[DATASET CONTENT Boundary: Start]

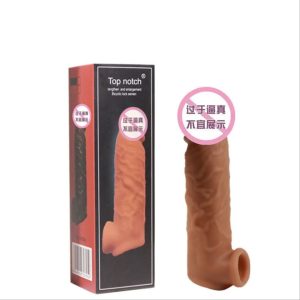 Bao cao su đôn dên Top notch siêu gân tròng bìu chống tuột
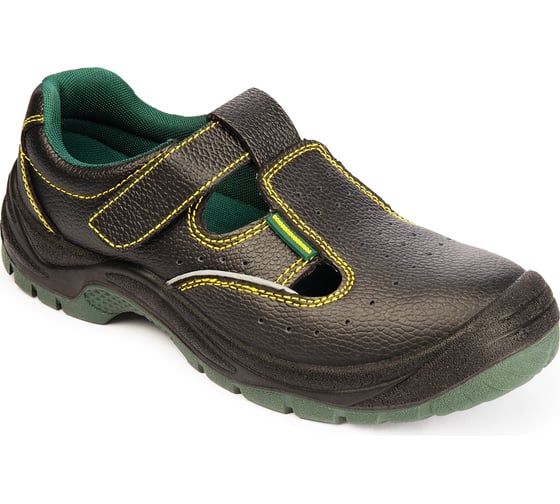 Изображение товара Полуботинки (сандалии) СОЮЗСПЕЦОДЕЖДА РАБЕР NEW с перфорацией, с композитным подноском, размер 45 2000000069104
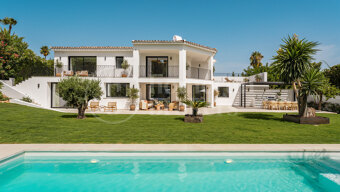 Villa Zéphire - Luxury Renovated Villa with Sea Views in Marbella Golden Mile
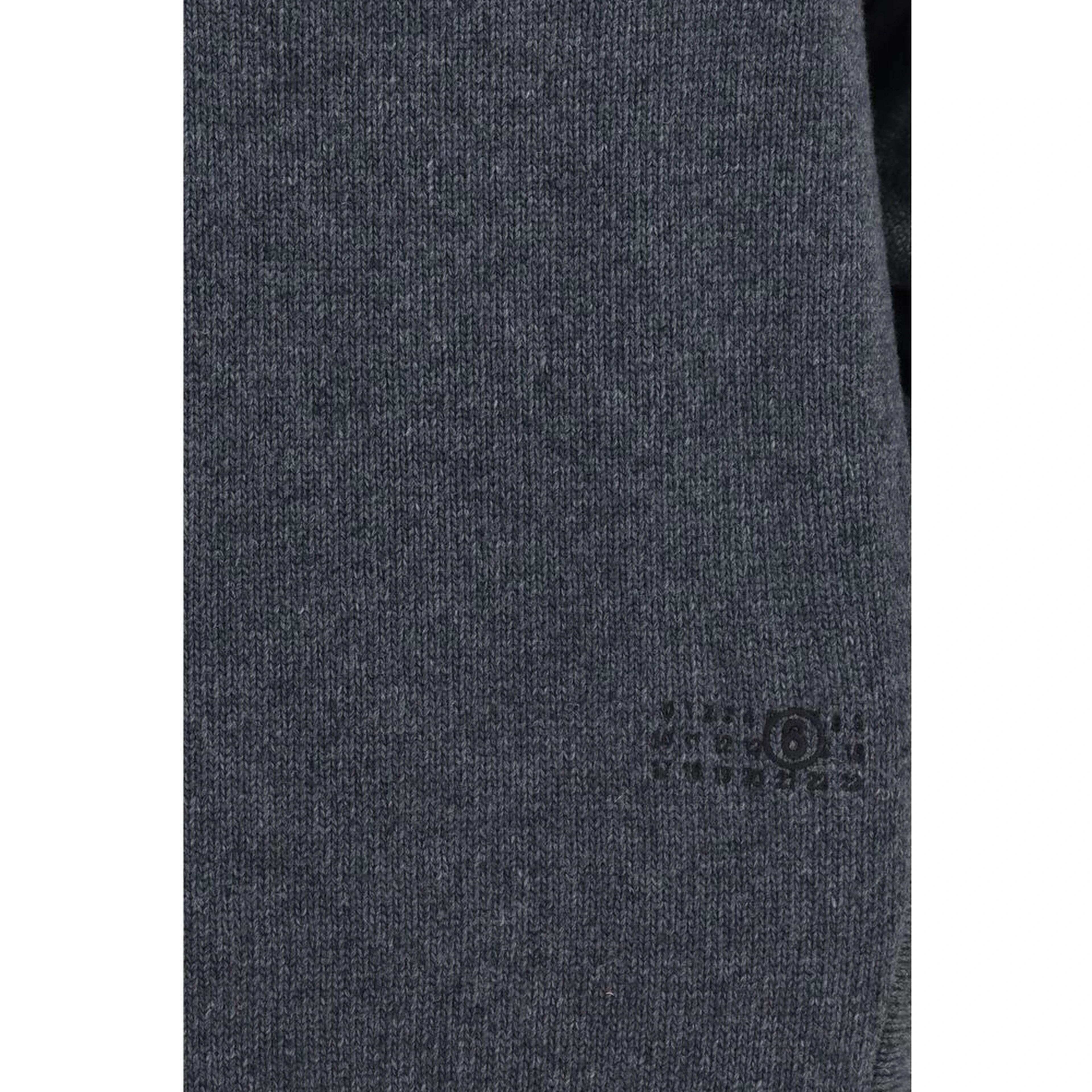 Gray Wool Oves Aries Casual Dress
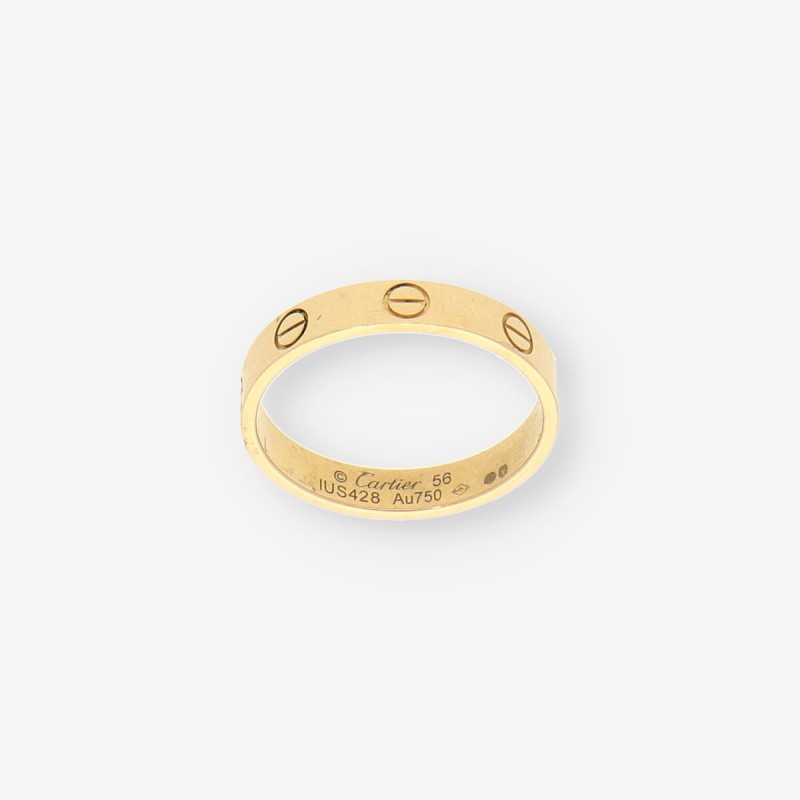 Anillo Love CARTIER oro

[DATASET CONTENT Boundary: End]
[DATASET CONTENT Boundary: Start]

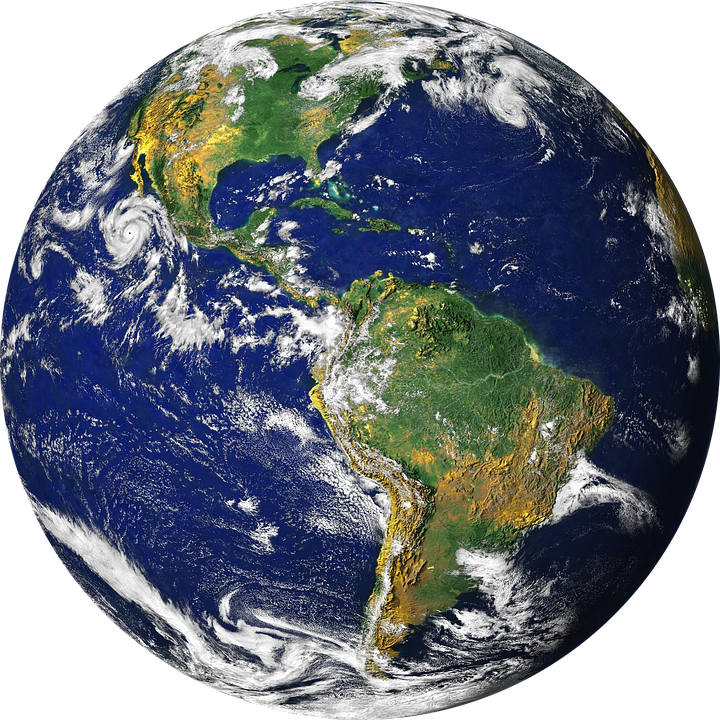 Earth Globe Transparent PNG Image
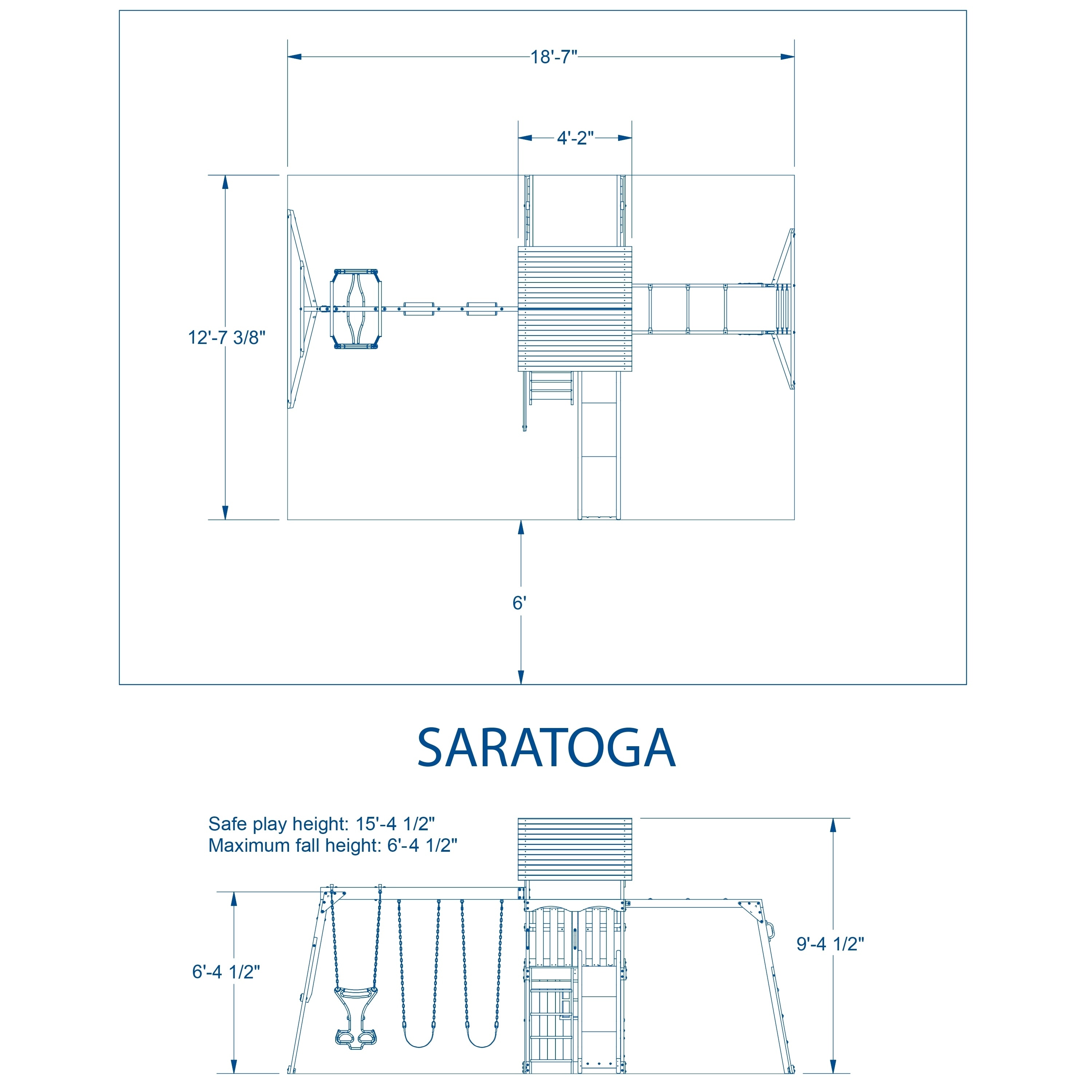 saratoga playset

[DATASET CONTENT Boundary: End]

▶ _WORK TO BE COMPLETED_: For this task, return exactly the stretch of the listing above from the line with "Bao cao su đôn" through the line with "Anillo Love CARTIER oro", inclusive and without pictures.

▶ _TASK RESULT_:
 Bao cao su đôn dên Top notch siêu gân tròng bìu chống tuột
 Изображение товара Полуботинки (сандалии) СОЮЗСПЕЦОДЕЖДА РАБЕР NEW с перфорацией, с композитным подноском, размер 45 2000000069104
 Villa Zéphire - Luxury Renovated Villa with Sea Views in Marbella Golden Mile
 Gray Wool Oves Aries Casual Dress
 Anillo Love CARTIER oro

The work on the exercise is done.